Last night I watched on Netflix a film called To The Bone which recently came out this July (2017). I had seen the trailer for it and couldn’t wait to watch it. Something about watching another fellow anorexic in recovery that just makes me feel empowered and validated. The main character Ellen (Eli) is played by actress Lily Collins who has been honest about her own struggles with an eating disorder growing up. This role was close to Lily and I think it definitely helped Lily get in the mindset to make the character of Ellen honest and real to its audience.
I have read many of different reviews from critics. Some applauding the film for finally talking about something that is usually shunned in society attached with a negative stigma. Others did not have a lot of positive things to say. Some critics felt as though the film glamorized the eating disorder by showing someone who was thin and was looked after by friends and family. I could not disagree with this more! Ellen is not glamorized, she looks completely miserable, thin, and depressed. Between her bones protruding, her face sunken in, and dark black circles under her eyes she is the farthest thing from glamorized. Regardless of her appearance, in the film her family is completely screwed up and barely gives her the time of day. Ellen has been shuffled between her parents and frankly no one wants her nor do they want to deal with her problem anymore. In her family group therapy session, you will see how the family argues about everything but Ellen and ignores the fact that they are there for her and to help her gain control of her eating disorder.
Other critics worry that the film focuses on the new trend of “clean eating” taken too far. Though in the film you don’t see Ellen obsessing over what foods she eats and whether it is healthy or not. Ellen simply picks at her food, swirls it around, and doesn’t eat. It’s not as if she is on Instragram in her cute spandex Victoria Secret pants drinking an organic smoothie. Which again goes back to the fact that To The Bone doesn’t try to glamorize Ellen or her illness.
I will admit that I wish the film had dug deeper into the voices that Ellen hears in her head. There is one part in the film where the members in the inpatient house all scream, “Fuck you voice!”, something I have found myself doing throughout recovery. Yet they don’t go into the voices that are heard, which I think would have been very insightful to people who don’t know about or understand eating disorders.
Psychologists and therapists were worried that the film could trigger a relapse which is possible. Anyone recovering from an eating disorder knows it is an up hill battle every day and doesn’t just go away. Though, I am in recovery and watching Ellen suffer and her family suffer caused me pain and frankly made me cry for most of the film. It hurt me seeing how sick Ellen was. Honestly, it was a reality check that I needed and constantly need during recovery. Sure, I look healthy and have been receiving treatment for over two years now but ED’s voice is still there and there are days when I think about resorting back to my ED like behaviors.
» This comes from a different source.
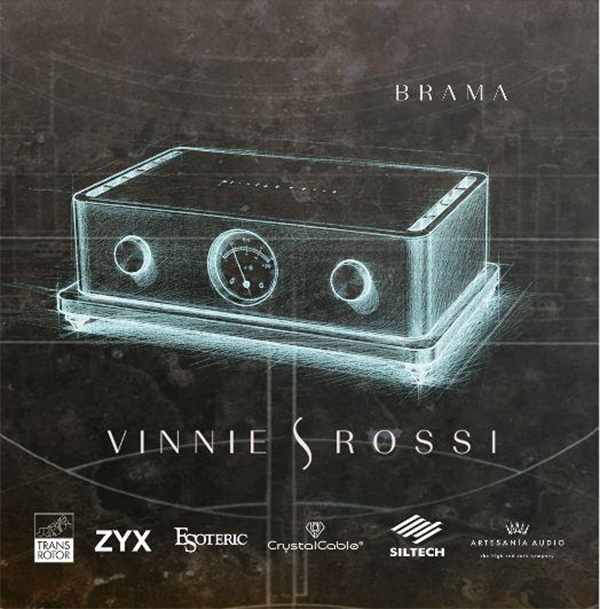  052726.stphviennasoundfestvinnierossi.png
I think it is always helpful to be reminded of how dangerous and devastating ED is.
The film may not be for everyone but I would definitely recommend it to those who are curious of the film or those who are in recovery and feel as though they could truly handle the material. I hope more movies such as this come out so people can understand ED and the severity of the illness. ED isn’t just a diet, it is an illness of the mind and body, of lost control, and if it continues it can mean death. I was very close to killing myself if I had continued at the rate in which I was going. I thank God that I finally received the help I needed to conquer ED and most importantly knowing that I did not have to do it alone. If you know anyone suffering or has suffered, please get help or them help and know that life is so much better than a life with ED.